I'm not just talking about "agreeing to do things" in a legalistic way. There is also the informal logrolling among nations that is a prerequisite for making the U.N. a vehicle for American interests. On that first video, Bolton says the United States should only "make" the U.N. work "when it wants it to work." But since 14 other nations have a Security Council vote, and four of them have a veto, we can never make it work without someone else's support. And sometimes making it work in ways that are important to us but less important to others will mean agreeing to help, say, Britain or China make it work sometime down the road in ways that are important to them and not obnoxious to us. If you take another look at that Bolton video, you'll get the distinct impression that this sort of dynamic is alien to him. The U.N., he seems to believe, should be briefly animated on those occasions when it directly serves vital American interests and should spend all other moments as a corpse. ("There is no United Nations," as the nominee for U.N. ambassador puts it.)

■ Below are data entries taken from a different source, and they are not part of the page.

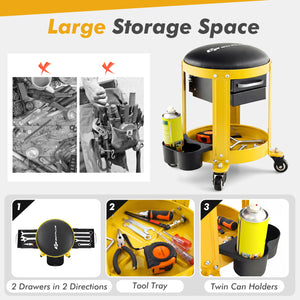 Rolling Mechanic Stool with Removable Padded Seat and Drawers-Yellow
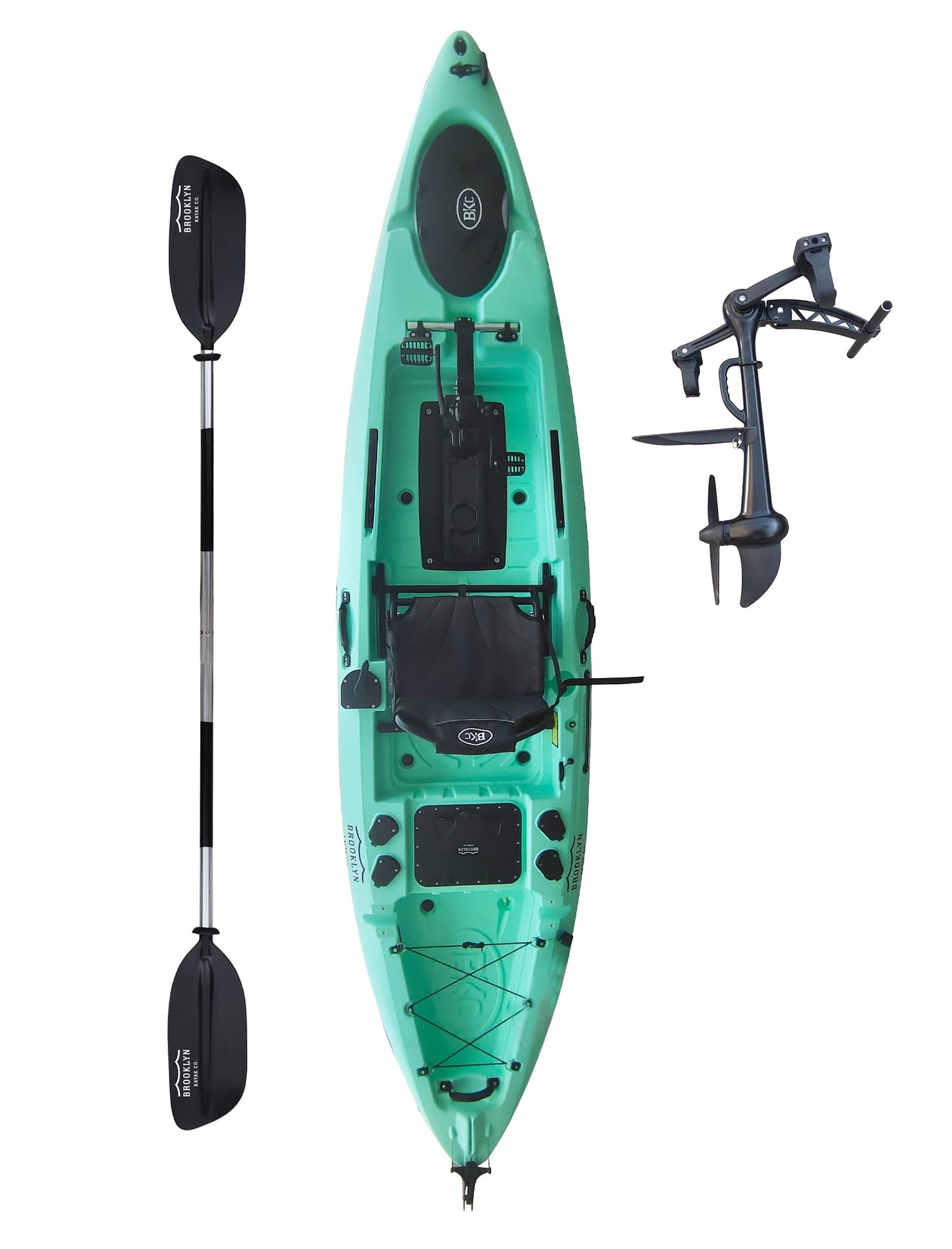 Brooklyn 12.0 Pro Single Propeller Pedal Kayak by BKC, 12 ft Sit-On-Top Fishing Kayak, Hands-Free Pedal Drive, Rudder Steering, 70 lb Hull, Rod Holders & Large Storage (Teal)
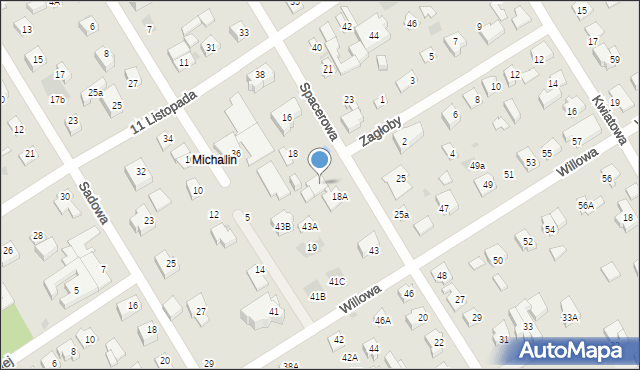 Józefów, Spacerowa, 18B, mapa Józefów
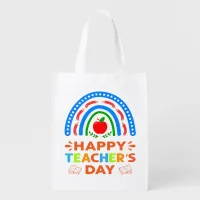 Happy Teachers Day Rainbow & Apple Grocery Bag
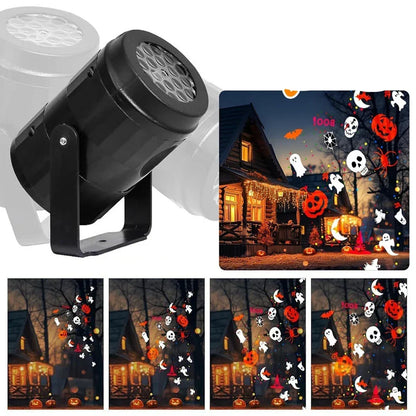 Outdoor Halloween LED Rotating Projector Lights for Spooky Silhouettes and Festive Ambiance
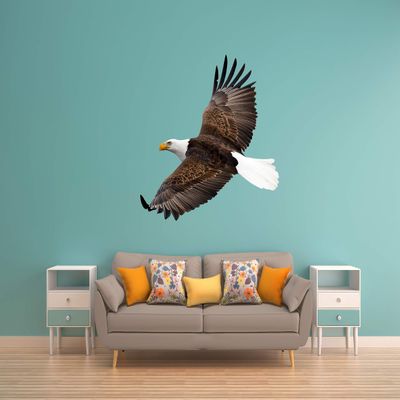 Lets Print Big Bald Eagle 2 Wall Decal REPOSITIONABLE (Outside, 12" h x 13.4" w)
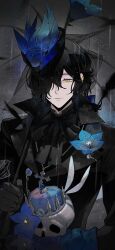  1boy absurdres black_bow black_hair black_suit blue_crown blue_flower blue_gem blue_rose bow bowtie closed_mouth commentary_request cross cross_necklace crown earclip flower flower_in_hat gem gilbert_nightray gloves hair_over_one_eye hat hat_flower highres himiakira holding holding_skull holding_umbrella jewelry male_focus mini_crown necklace official_alternate_costume pandora_hearts rain rose see-through_clothes see-through_veil short_hair signature skull solo suit transparent transparent_umbrella umbrella upper_body veil yellow_eyes 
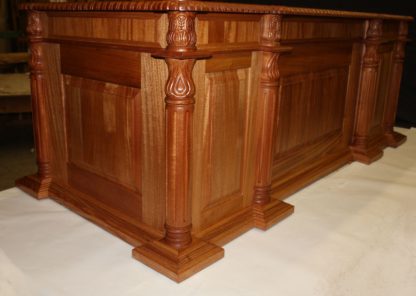 Custom hand carved solid mahogany Judges Desk crafted by Neal Burns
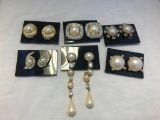 Lot of 6 Gold-Tone Faux Pearl and Rhinestone Earrings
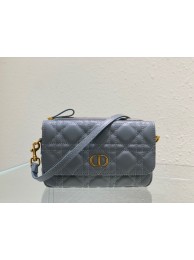 DIOR CARO POUCH WITH CHAIN Supple Cannage Calfskin S5125UWH Cloud Blue Tl8105TV86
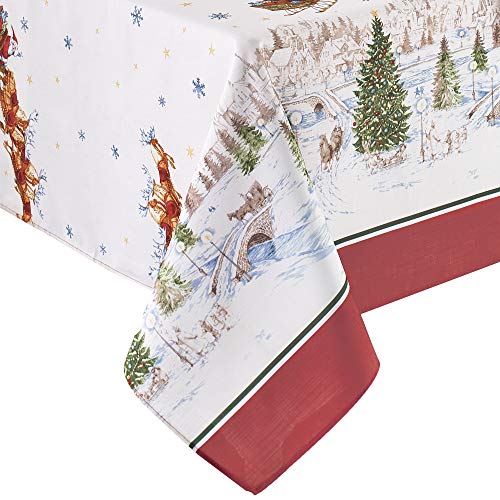 Elrene Home Fashions Weihnachtsmann-Tischdecke, schneebedeckt, knitterfrei, 152 x 367 cm, rechteckig von Elrene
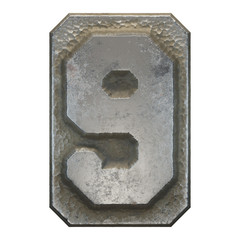 Industrial metal number 9 on white background 3d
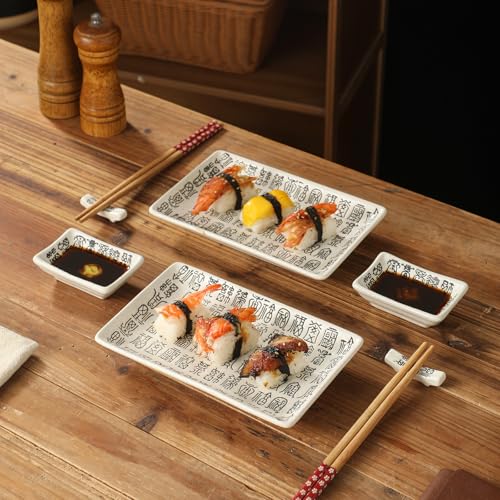 Image of 8 pcs Japanese Sushi Plate Sets Serving Platters and Trays for Entertaining Sushi Dishes Set Plates Sushi Plates Traditional Cuisine Dinnerware Sets with Chopsticks Hundred Blessings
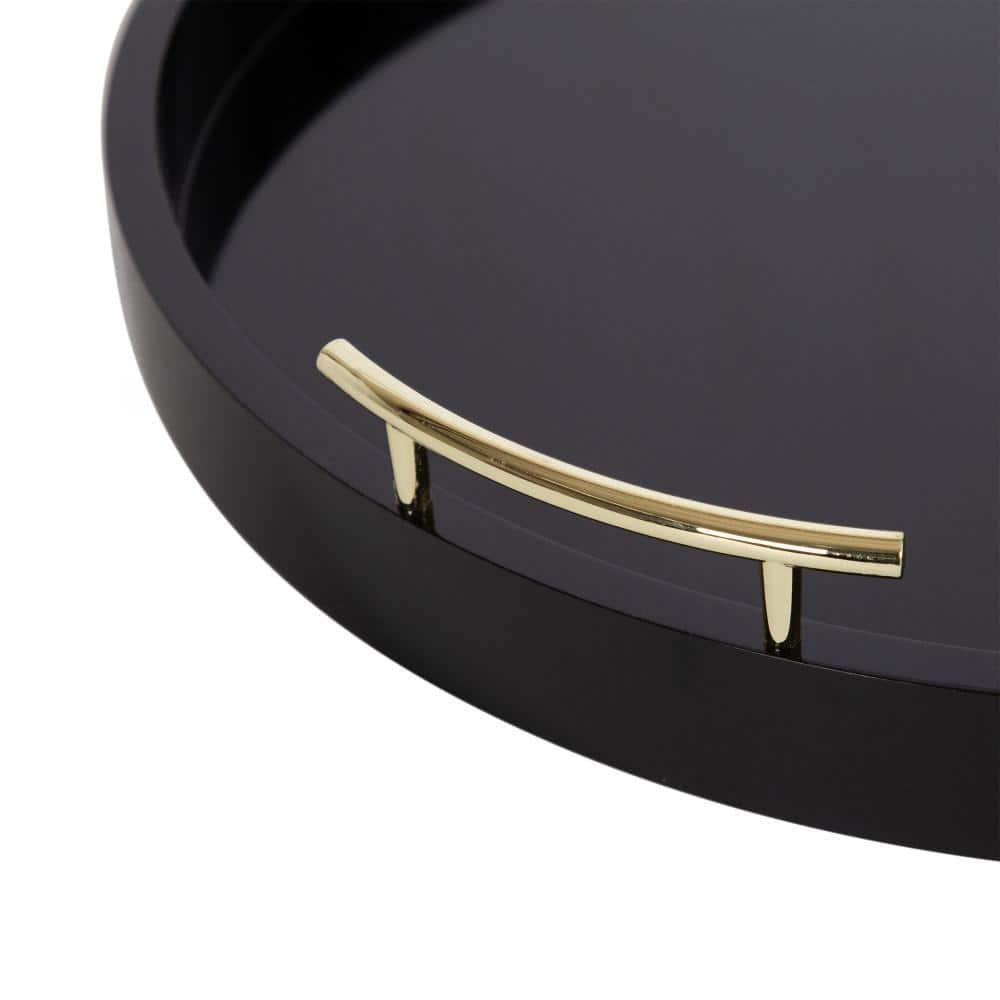 Kate and Laurel Lipton Round Decorative Tray with Metal Handles, 22" Diameter, Black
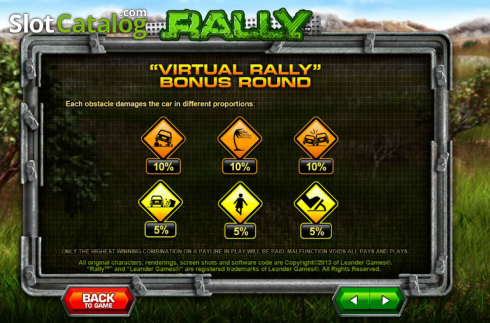 Paytable 5. Rally slot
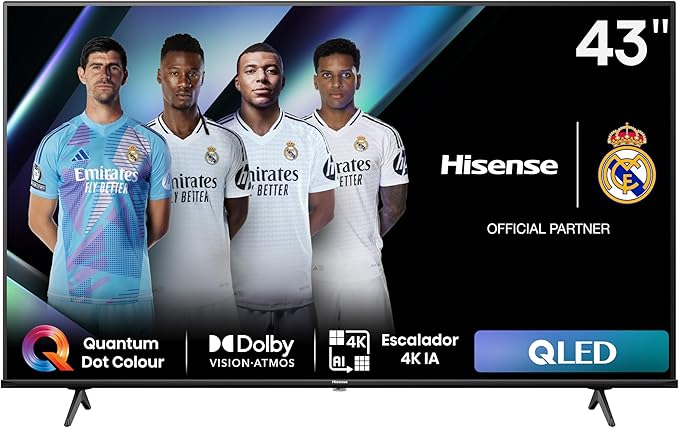Hisense QLED Smart TV, 43 Pulgadas Televisor, Quantum Dot Colour, Dolby Vision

Or, if you don't want to look at the video, look at Bolton's life. His defenders dismiss as irrelevant the parade of former colleagues who have testified that he is an abrasive, abusive, bullying creep. But what does it mean when most people who have worked with a person dislike him? It probably means he has a highly zero-sum view of the social landscape and thus misses the opportunity to profitably play non-zero-sum games (i.e., make and keep friends). And it means he misses the same point that Bolton misses in the context of the U.N.: It's not enough to seek allies when suddenly some multilateral project is really important to you; you have to have built alliances by helping allies on projects that are important to them. Building international support, like building social support, is a long-term project, best left in the hands of people who understand this.
Now Bolton, in having to scramble desperately to secure confirmation, is paying for all the enemies he's made in Washington. To some extent America is in the same position. Under President Bush it has made more enemies than it had to, because his foreign policy has been counterproductively unilateralist and gratuitously antagonistic. But there is hope that Bush has turned over a new leaf. He vowed to nurture alliances in his second term, and his inaugural address tied America's welfare to the welfare of people abroad.
Sen. John Kyl, R-Ariz., says the "character assassination" of Bolton is intended to provide a "smokescreen" for the real aim of Bolton opponents—opposition to Bush's foreign policy. But if Bush is telling the truth about his hopes for multilateral cooperation, Bolton won't serve Bush's foreign policy; he'll just make us more enemies. And all that "character assassination"—evidence that Bolton doesn't know how to pursue self-interest at the individual, much less national, level—explains why.